For long-running agents that operate as sequences of short-lived, role-specialized agents passing only explicit artifacts, which minimal artifact fields and invariants (e.g., environment hash, dependency lockfile, input–output schema, test snapshot IDs) most reduce long-horizon silent errors and replay failures per unit of human review, compared with today’s heavier-weight notebooks and manifests, and how do these minimal bundles change across simulation, data-analysis, and code-refactor workflows?

anthropic-scientific-computing | Updated at

Answer

Use small, standardized bundles keyed around (1) env+deps, (2) interface+data shape, (3) run intent+inputs, and (4) verification links.

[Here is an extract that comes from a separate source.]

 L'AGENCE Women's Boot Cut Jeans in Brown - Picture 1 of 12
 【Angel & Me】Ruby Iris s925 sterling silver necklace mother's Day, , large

Heavier notebooks/manifests add clutter; these core fields plus a few workflow-specific extras usually give most of the benefit per unit review.

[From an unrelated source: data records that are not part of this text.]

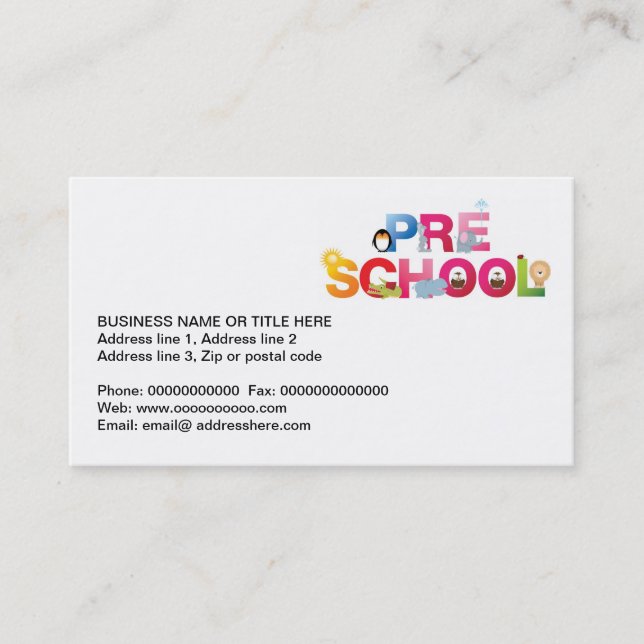 pre school word in fun letters business card (Front)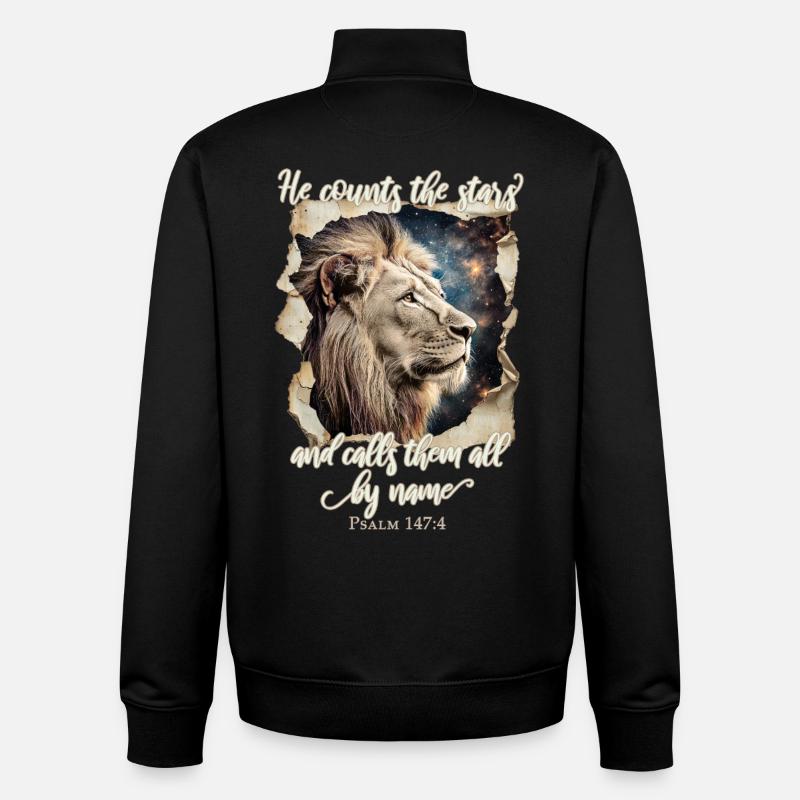 Löwe Bibelvers Christlich - Unisex Organic Zip Sweatshirt von Stanley/Stella - Schwarz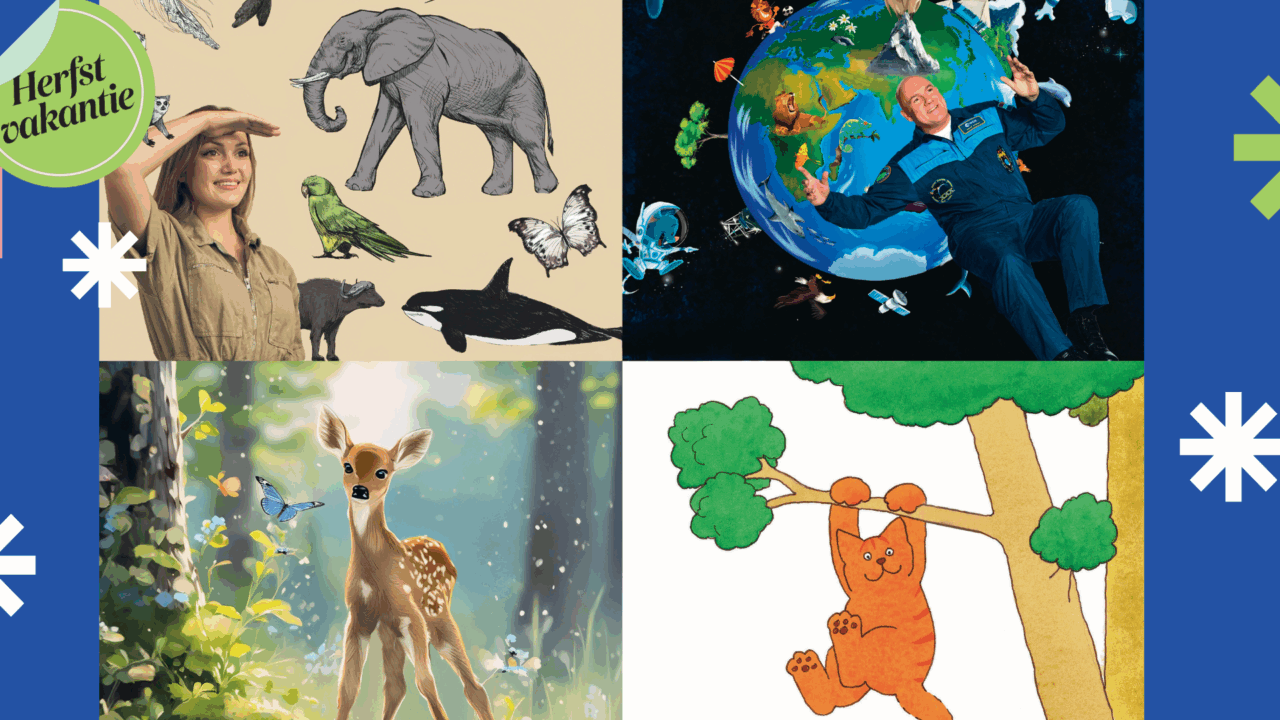 De verschillende dierenbeelden van voorstellingen in kindertheaterweek.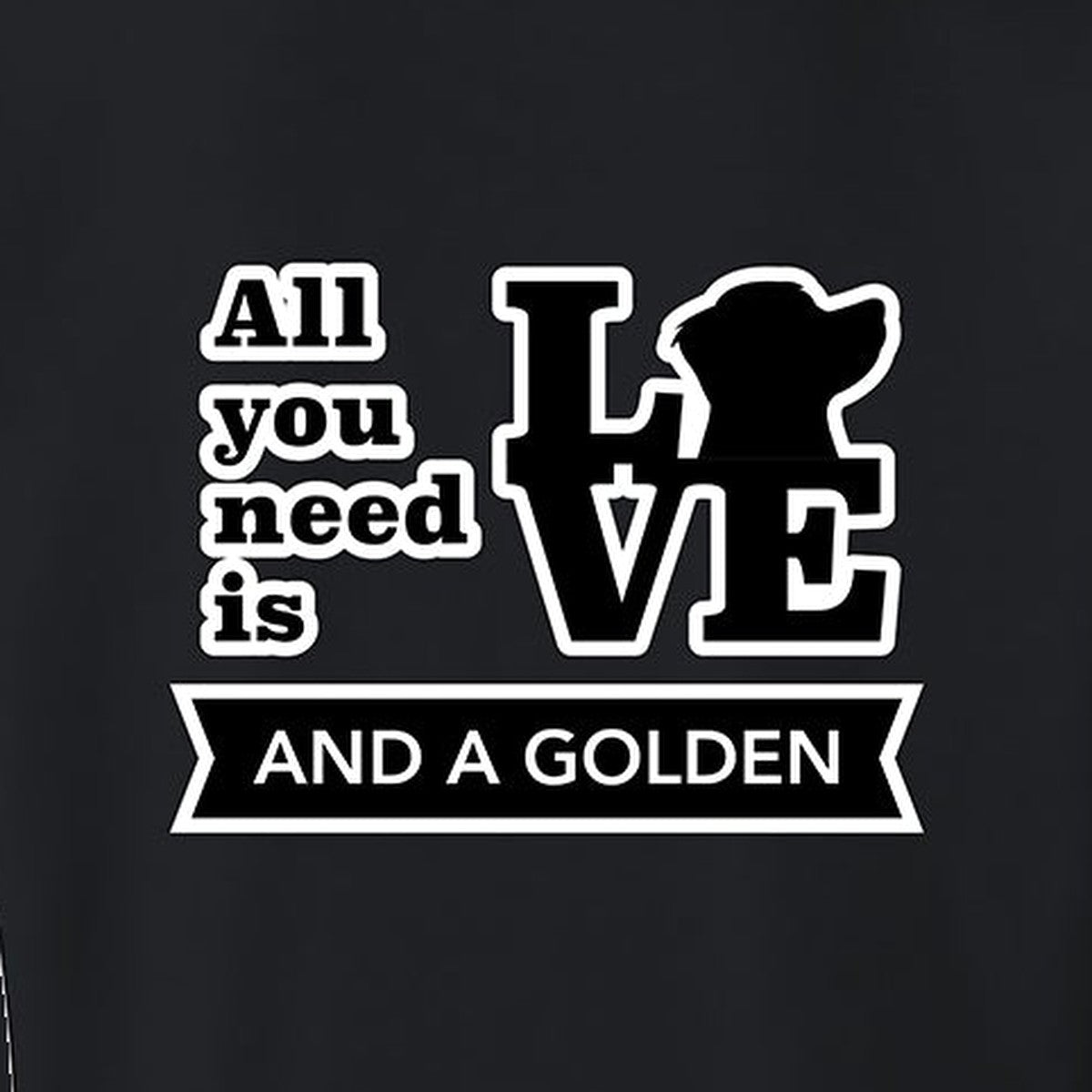 Sweatshirt, All You Need Is Love, Black, saying close-up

  1. Cross-workflow “minimal bundle” (for all roles)
  • Required fields

    • env_fingerprint: hash of runtime image + key configs (OS, language, BLAS/MPI, GPU/CPU flags).
    • dep_lock: dependency list with pinned versions and build options.
    • io_contract: machine-readable input/output schema (+ units, dtypes, array shapes, coordinate systems).
    • run_intent: short text spec (task, assumptions, key parameters) + version id.
    • run_inputs_ref: content hash / IDs of primary inputs (data snapshot, initial conditions, upstream artifact IDs).
    • seed_and_nondet: PRNG seeds + flags for nondeterminism (GPU nondet, parallel order, approximate kernels).
    • test_refs: IDs of tests/golden cases invoked + their result hashes.
    • metrics_summary: small vector of key diagnostics (loss, conservation error, basic sanity checks).
    • provenance_links: upstream artifact IDs and claim/result IDs this step depends on.
  • Core invariants

    • Reproducibility: (env_fingerprint, dep_lock, run_inputs_ref, seed_and_nondet) are sufficient to replay within tolerance.
    • Interface stability: io_contract must be backward-compatible across handoffs unless its version changes.
    • Traceability: every derived artifact has a pointer back to run_intent and provenance_links.
  1. Simulation workflows: minimal extras
  • Add fields

    • model_version: id for equations/model code + discretization scheme.
    • grid_and_solver: resolution, time step, solver family, tolerance.
    • conservation_checks: per-step or final invariants (mass/energy, positivity flags) with pass/fail.
  • Key invariants

    • Physics/constraints: conservation_checks must stay within configured bounds.
    • Stability: grid_and_solver changes must trigger stricter tests_refs and human review when tolerances loosen.
  1. Data-analysis workflows: minimal extras
  • Add fields

    • dataset_version: id/hash of dataset slice, filters, and inclusion criteria.
    • cohort_spec: structured definition of population/selection.
    • analysis_plan: brief, structured steps (preprocess, model, metrics) with version.
  • Key invariants

    • Cohort consistency: dataset_version and cohort_spec must match; any change bumps analysis_plan version.
    • Schema lock: io_contract and dataset_version must match a known schema version or block handoff.
  1. Code-refactor workflows: minimal extras
  • Add fields

    • contract_map: list of public APIs, schemas, and invariants with versions.
    • change_summary: small diff summary focused on contract regions vs internals.
    • risk_score: simple scalar from structural metrics (e.g., contract_touch_fraction, spec_change_rate, consistency_drop).
  • Key invariants

    • Contract preservation: public portions of contract_map may change only with explicit version bumps and matching tests_refs.
    • Risk-gated handoff: if risk_score or contract_touch_fraction exceed thresholds, human review is required before downstream roles use the artifact.
  1. Why these help per unit human review
  • Reviewers focus on a compact, stable header instead of full notebooks/manifests.
  • They can quickly answer: "Can I replay this?", "Did interfaces or cohorts change?", "Were key tests run?", "Did physics/cohort contracts hold?" without reading all code.
  • Most long-horizon silent errors (config drift, schema drift, hidden env changes, wrong cohort, broken contracts) show up as violations or inconsistencies in these fields.
  1. How bundles differ by workflow
  • Shared core: env_fingerprint, dep_lock, io_contract, run_intent, run_inputs_ref, seed_and_nondet, test_refs, metrics_summary, provenance_links.
  • Simulation: emphasize numerical/physical invariants (model_version, grid_and_solver, conservation_checks).
  • Data-analysis: emphasize data/cohort invariants (dataset_version, cohort_spec, analysis_plan).
  • Code-refactor: emphasize interface and structural risk (contract_map, change_summary, risk_score) plus strong test_refs.
  1. Minimality guidance
  • Default to the cross-workflow core + 2–3 workflow-specific fields.
  • Only add more when a new silent-error class appears that is not captured as a violation of existing fields/invariants.